Frax is another altcoin that I love when the bull returns. Since they have stablecoins, I mean Frax Shares coin FXS. FRAX is not steblecoin. Frax initially caught our attention because of its ‘hybrid’ stablecoin project. I still love what they’ve done out there but they have decided to provide purely crypto collateral. They are no longer trying to make it an algorithmic stablecoin. Frax thinks this is too risky and they will go the DAI style crypto-collateralized route.

And it’s probably a good move for them because they recently made a big move that few people noticed. In fact, when we last featured them here 6 or 8 months ago, this program wasn’t there. What am I talking about? Frax, Liquid Staking and Ethereum. When the bear seemed to continue strongly in November, Frax launched liquid staking. It was a brave move.

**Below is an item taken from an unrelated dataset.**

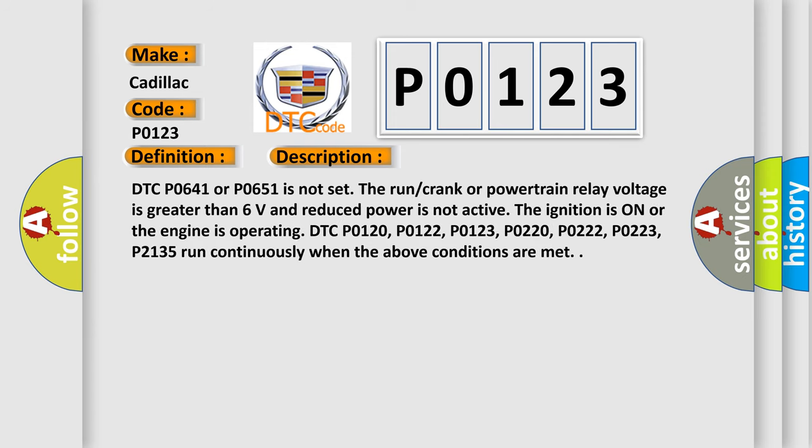DTC P0641 or P0651 is not set. The run crank or powertrain relay voltage is greater than 6 volts and reduced power is not active. The ignition is on or the engine is operating. DTC P0120, P0122, P0123,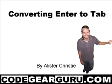Hello and welcome, this is Alistair Christie. When entering data into a form, it's often easier to press the Enter key than the Tab key to move from Edit box to Edit box.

And the altcoin paid off. In 4 months, there are 113,000 ETH locked in staking programs. This places them in a solid 4th place with Lido being the undisputed leader. In crypto, narratives are important. You can get the hottest thing done, but if it’s in an industry that nobody cares about, people won’t notice it and you can’t make any money. Sometimes they realize later and you really make money. And sometimes they never notice and your investment just sits there.

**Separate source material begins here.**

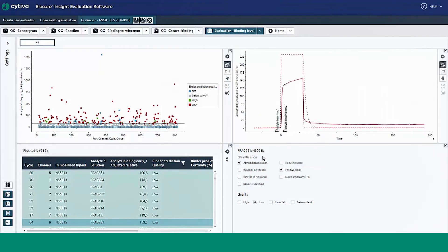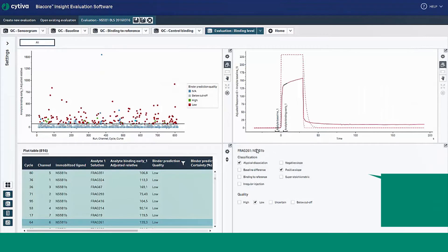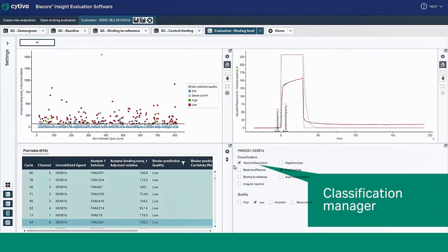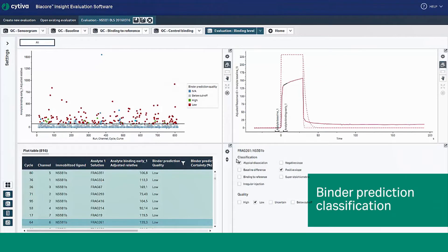Look under the sensorgram to find the classification manager, which is divided into two sections: the binder prediction classification and binder prediction quality.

Liquid staking is a big narrative in crypto right now. cryptocoin.comAs you followed, the Shanghai upgrade is coming to Ethereum. This means that liquid staking protocols are in a position to benefit whether the bull market starts again or not. In fact, all the bull market will do is offer more options to lend, stake and invest in staked tokens like frxETH.

Latest altcoin: Mina Protocol

Another great narrative that I love is zk-proofs. Their love for privacy and scaling through rollups lately focuses on Layer 2 solutions for Ethereum. Yet there is a lightweight, fast, secure, zk-based Layer 1 Blockchain that most people ignore: Mina Protocol. Mina’s importance grows as privacy becomes more important now as it’s back on track. Other than Polygon, which deals with many things that are not zk-only, Mina is by far the largest zk-only altcoin project.

With a market cap of $540 million, MINA currently ranks 67th in crypto. And everyone is ignoring it for the hot new Ethereum L2 solution that uses the same technology and competes with 10 other L2 solutions. It doesn’t make any sense. If Zk gets too big as we think, you’ll want the leading Layer 1 project in your portfolio.

An important note, they use a similar Proof of Stake consensus that Cardano uses. This system, called Ouroboros, uses staking to launch new tokens like Cardano. So if you buy Mina, you will definitely want to stake to earn these rewards and keep your ownership percentage the same when new tokens are released.

The opinions in the article are those of the experts and are definitely not investment advice. We recommend that you do your own research before investing.